Try it ▸ Among the entries below, find how many lines carry the word "rental" and state only that figure.

START Excerpted records

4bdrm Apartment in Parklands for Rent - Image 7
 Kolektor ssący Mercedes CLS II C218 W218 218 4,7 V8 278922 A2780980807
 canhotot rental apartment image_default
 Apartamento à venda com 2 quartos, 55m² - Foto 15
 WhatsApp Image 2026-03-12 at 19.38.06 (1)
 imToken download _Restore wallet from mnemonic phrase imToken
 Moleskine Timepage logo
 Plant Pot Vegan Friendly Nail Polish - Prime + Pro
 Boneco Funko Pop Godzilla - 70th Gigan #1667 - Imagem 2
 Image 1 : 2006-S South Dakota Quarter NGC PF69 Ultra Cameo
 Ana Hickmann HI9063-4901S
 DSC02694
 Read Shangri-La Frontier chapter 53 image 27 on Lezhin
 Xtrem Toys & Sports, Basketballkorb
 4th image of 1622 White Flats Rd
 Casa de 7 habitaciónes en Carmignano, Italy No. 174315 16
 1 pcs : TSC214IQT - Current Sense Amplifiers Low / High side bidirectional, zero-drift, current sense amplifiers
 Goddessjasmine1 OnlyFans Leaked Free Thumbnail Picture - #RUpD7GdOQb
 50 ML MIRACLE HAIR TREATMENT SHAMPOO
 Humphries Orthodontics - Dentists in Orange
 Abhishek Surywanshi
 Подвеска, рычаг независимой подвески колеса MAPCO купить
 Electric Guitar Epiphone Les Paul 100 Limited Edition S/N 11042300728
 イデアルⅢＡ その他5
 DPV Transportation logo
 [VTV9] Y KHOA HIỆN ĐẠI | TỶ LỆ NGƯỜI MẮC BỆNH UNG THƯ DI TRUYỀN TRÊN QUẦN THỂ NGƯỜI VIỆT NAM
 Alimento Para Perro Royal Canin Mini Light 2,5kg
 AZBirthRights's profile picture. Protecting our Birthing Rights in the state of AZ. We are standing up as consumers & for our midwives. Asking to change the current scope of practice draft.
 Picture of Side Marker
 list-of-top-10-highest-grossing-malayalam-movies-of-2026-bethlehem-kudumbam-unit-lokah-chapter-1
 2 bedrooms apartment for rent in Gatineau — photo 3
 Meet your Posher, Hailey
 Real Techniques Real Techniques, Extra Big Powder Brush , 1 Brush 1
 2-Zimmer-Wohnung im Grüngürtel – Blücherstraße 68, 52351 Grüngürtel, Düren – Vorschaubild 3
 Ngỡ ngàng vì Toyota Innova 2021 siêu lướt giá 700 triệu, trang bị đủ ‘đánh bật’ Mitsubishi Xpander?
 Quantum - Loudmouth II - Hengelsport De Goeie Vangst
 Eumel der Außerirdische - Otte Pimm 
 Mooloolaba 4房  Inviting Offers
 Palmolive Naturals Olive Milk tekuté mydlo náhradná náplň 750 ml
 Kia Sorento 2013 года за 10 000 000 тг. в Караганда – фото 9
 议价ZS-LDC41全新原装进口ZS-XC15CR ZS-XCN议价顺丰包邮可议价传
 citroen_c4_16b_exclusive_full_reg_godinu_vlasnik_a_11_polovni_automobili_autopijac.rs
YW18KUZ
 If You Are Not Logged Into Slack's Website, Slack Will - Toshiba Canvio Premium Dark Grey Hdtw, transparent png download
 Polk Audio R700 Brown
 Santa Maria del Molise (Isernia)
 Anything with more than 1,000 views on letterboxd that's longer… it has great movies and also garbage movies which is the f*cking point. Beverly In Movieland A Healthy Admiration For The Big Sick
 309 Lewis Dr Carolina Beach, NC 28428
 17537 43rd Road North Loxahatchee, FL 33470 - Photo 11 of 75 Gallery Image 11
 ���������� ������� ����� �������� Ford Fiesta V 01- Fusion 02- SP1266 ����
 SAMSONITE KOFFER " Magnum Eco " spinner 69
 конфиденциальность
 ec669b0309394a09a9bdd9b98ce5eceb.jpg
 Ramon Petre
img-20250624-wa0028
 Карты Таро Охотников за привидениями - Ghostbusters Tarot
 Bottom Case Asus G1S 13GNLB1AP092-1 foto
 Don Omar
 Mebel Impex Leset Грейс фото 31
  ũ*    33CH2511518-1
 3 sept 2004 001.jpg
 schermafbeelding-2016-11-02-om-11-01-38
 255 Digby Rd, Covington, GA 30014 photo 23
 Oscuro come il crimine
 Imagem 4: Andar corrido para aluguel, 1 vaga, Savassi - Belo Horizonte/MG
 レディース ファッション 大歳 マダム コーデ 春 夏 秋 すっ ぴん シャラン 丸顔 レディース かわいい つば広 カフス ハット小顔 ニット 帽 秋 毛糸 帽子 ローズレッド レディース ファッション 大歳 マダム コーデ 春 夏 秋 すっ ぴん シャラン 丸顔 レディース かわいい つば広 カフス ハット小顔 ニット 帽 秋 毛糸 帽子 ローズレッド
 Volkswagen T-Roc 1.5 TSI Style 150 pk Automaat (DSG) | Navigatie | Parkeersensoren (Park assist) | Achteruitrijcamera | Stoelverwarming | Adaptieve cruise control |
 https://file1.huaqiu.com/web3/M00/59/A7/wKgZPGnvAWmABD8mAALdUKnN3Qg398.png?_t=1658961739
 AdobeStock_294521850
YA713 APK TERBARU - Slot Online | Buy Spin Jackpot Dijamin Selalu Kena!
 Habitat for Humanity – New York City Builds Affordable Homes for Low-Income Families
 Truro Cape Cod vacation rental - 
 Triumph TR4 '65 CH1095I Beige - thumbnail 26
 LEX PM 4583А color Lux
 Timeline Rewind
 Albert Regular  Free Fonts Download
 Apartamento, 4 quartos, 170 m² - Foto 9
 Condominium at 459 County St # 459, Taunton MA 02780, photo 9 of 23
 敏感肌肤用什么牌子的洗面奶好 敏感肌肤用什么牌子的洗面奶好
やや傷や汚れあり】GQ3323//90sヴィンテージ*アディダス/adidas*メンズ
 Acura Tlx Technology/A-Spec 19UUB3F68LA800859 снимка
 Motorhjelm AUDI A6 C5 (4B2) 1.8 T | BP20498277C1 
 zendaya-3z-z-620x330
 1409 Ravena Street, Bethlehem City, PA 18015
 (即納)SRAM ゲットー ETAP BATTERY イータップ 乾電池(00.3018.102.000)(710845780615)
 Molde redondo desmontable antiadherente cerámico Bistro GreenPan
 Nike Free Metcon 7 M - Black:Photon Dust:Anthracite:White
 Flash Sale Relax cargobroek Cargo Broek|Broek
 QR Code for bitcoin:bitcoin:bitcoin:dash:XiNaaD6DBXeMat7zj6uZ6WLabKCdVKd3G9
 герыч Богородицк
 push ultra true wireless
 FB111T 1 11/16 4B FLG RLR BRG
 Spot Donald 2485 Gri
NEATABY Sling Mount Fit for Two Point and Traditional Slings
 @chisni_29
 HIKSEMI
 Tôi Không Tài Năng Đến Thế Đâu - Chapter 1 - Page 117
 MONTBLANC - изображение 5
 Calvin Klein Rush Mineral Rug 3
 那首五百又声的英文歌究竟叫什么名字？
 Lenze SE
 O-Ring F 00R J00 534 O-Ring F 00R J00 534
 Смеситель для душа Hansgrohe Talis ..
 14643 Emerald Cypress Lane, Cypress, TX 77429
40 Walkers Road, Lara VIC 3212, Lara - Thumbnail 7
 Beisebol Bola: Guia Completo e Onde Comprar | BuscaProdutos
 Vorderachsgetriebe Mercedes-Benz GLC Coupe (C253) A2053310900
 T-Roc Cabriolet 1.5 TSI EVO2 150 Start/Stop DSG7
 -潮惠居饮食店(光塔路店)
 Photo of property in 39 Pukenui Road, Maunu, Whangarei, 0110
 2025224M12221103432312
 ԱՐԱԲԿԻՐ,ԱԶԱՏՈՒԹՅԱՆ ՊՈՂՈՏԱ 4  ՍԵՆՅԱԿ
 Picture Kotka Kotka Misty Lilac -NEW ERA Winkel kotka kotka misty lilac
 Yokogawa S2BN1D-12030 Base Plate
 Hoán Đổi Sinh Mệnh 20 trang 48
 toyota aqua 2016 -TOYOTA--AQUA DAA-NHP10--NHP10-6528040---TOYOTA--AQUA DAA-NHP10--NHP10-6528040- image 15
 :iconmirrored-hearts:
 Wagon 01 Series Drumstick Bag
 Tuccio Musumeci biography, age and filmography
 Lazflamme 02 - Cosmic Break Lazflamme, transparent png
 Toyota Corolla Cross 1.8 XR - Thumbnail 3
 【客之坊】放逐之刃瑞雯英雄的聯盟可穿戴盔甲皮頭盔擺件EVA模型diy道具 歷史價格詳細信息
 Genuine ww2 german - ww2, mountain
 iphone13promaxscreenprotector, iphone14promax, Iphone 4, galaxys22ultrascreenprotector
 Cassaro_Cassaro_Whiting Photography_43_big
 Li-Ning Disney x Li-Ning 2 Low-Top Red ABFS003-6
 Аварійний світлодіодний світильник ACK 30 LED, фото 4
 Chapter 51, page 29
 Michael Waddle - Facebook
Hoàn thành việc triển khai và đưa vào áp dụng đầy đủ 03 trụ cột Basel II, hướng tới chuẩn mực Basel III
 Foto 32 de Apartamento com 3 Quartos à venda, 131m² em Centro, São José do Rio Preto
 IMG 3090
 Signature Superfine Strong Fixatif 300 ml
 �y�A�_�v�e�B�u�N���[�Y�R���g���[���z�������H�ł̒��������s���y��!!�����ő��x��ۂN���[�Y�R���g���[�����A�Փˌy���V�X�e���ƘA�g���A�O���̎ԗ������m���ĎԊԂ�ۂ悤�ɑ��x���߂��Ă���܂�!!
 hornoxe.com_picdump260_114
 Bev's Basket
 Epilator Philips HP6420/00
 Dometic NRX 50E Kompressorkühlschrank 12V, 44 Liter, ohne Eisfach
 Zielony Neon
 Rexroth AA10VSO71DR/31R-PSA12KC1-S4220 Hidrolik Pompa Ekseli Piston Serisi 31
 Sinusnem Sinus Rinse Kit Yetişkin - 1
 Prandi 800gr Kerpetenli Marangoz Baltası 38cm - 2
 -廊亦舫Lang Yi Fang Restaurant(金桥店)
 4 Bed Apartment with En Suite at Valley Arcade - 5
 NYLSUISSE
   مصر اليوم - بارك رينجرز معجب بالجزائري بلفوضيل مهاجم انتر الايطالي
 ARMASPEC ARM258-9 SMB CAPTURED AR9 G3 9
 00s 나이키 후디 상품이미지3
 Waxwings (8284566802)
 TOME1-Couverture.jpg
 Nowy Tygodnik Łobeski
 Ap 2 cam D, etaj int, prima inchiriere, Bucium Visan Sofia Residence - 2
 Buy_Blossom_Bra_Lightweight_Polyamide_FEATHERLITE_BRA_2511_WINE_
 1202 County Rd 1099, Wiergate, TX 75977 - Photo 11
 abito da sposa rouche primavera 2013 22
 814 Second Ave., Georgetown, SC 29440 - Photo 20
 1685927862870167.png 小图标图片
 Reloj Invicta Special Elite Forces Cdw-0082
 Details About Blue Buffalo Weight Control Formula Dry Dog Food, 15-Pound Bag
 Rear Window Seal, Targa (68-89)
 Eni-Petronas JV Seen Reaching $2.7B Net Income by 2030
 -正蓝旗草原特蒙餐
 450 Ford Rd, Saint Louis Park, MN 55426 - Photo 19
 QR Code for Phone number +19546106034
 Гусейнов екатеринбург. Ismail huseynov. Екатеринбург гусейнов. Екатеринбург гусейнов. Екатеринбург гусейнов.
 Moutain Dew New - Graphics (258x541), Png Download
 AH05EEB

END Excerpted records

Solved exercise ▸ 2